▸ **DATA EXTRACT**:
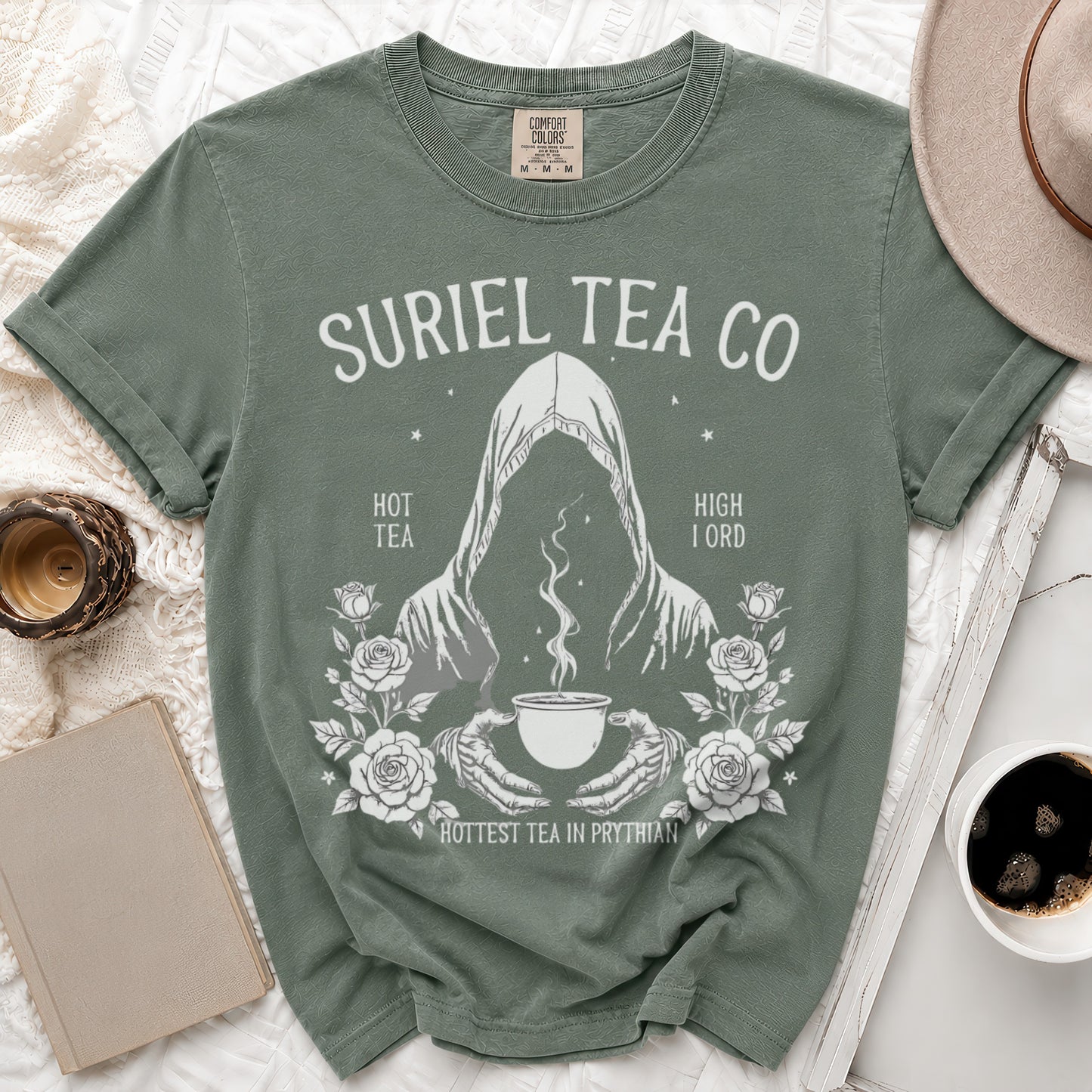 Green t-shirt with Suriel Tea Co. logo featuring a hooded figure holding a steaming teacup.
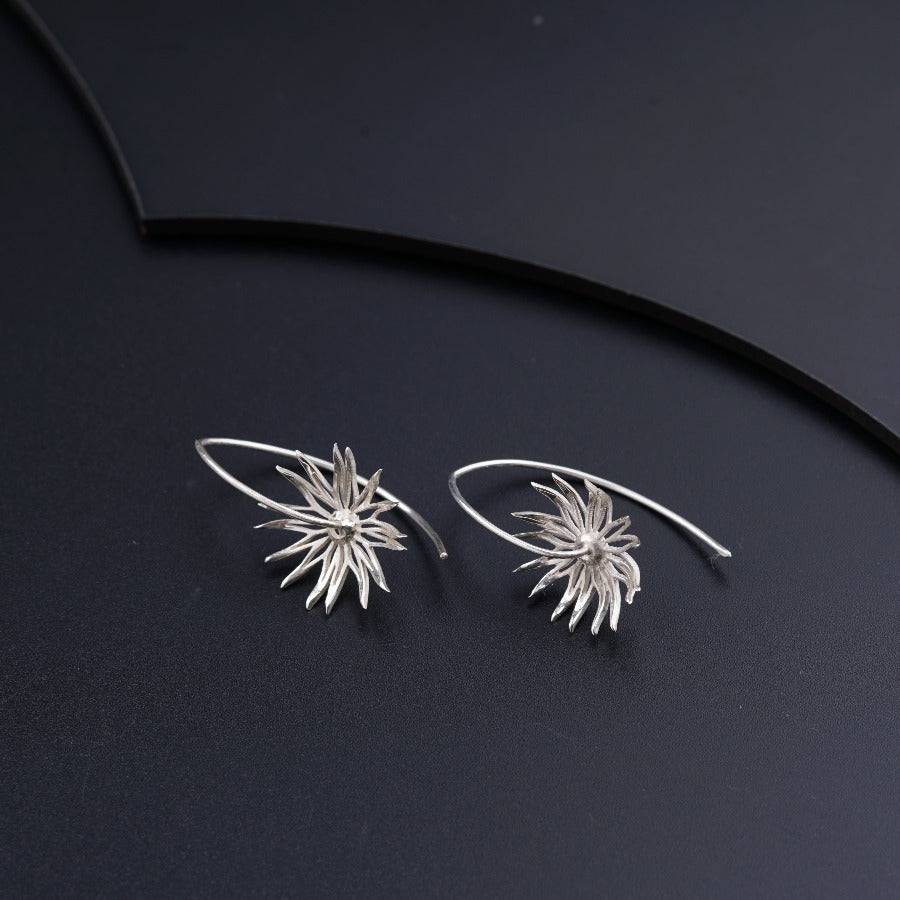 a pair of silver earrings on a black surface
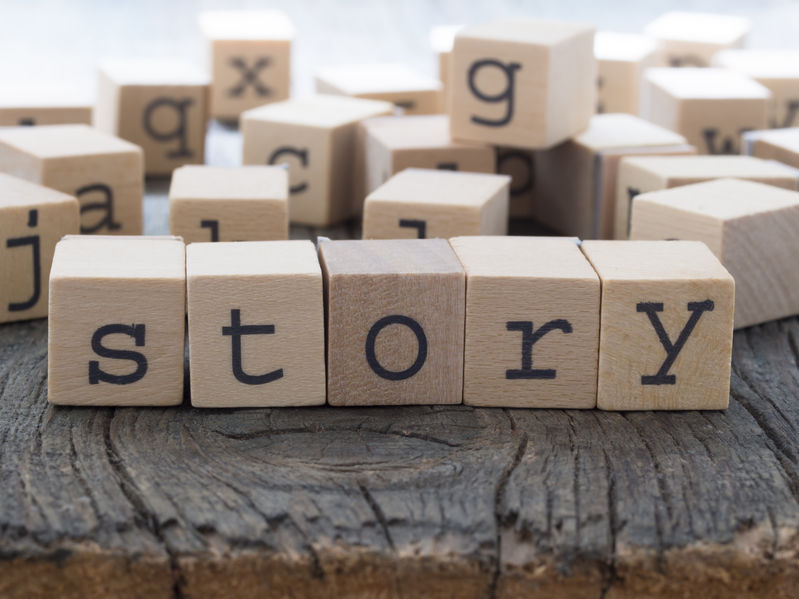 What are the power of stories in our lives? (An image of wooden blocks with letters spelling the word story.)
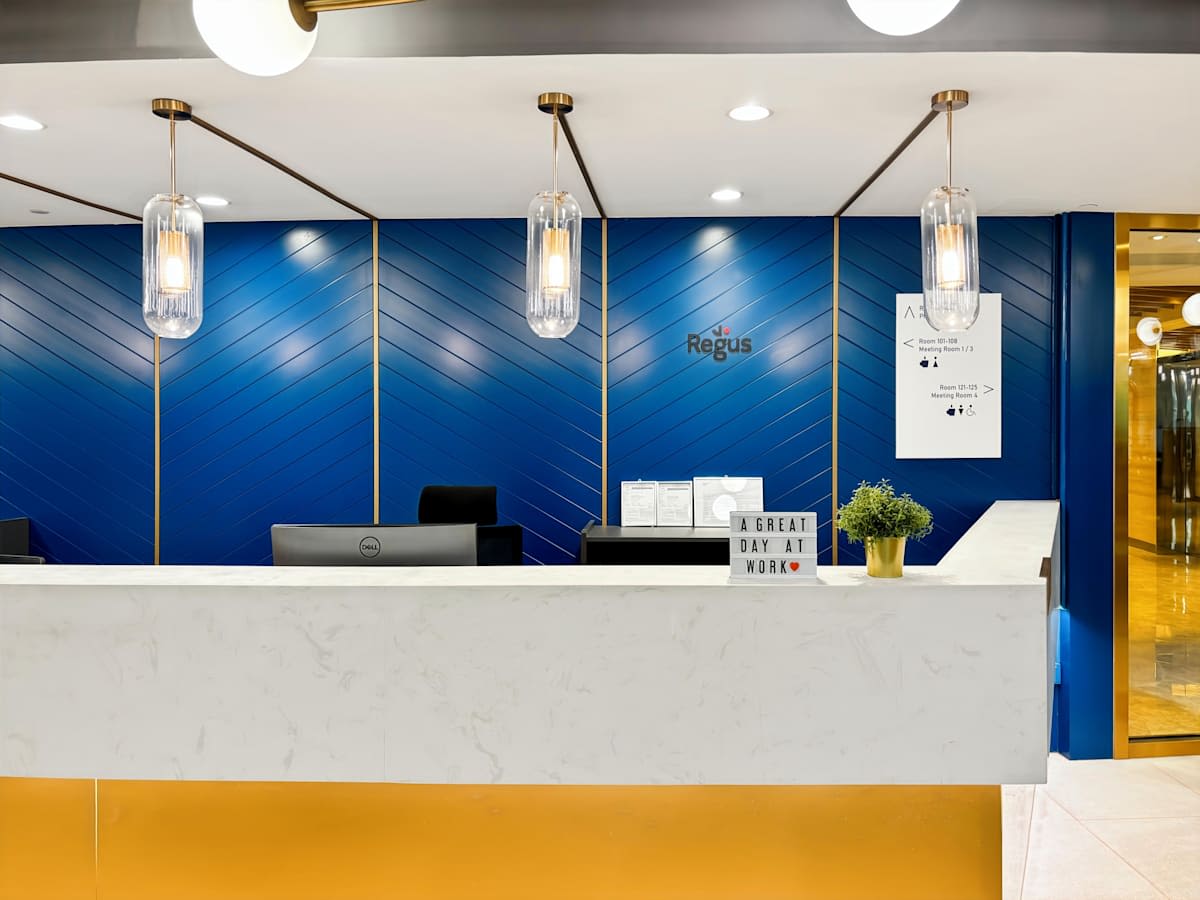 Stylish reception area with modern lighting and sleek design in a Prince Edward Road West coworking space.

▸ **YOUR GOAL**: Retype the listing exactly. Leave the pictures out.

▸ **EXERCISE SOLUTION**:
 Green t-shirt with Suriel Tea Co. logo featuring a hooded figure holding a steaming teacup.
 a pair of silver earrings on a black surface
 What are the power of stories in our lives? (An image of wooden blocks with letters spelling the word story.)
 Stylish reception area with modern lighting and sleek design in a Prince Edward Road West coworking space.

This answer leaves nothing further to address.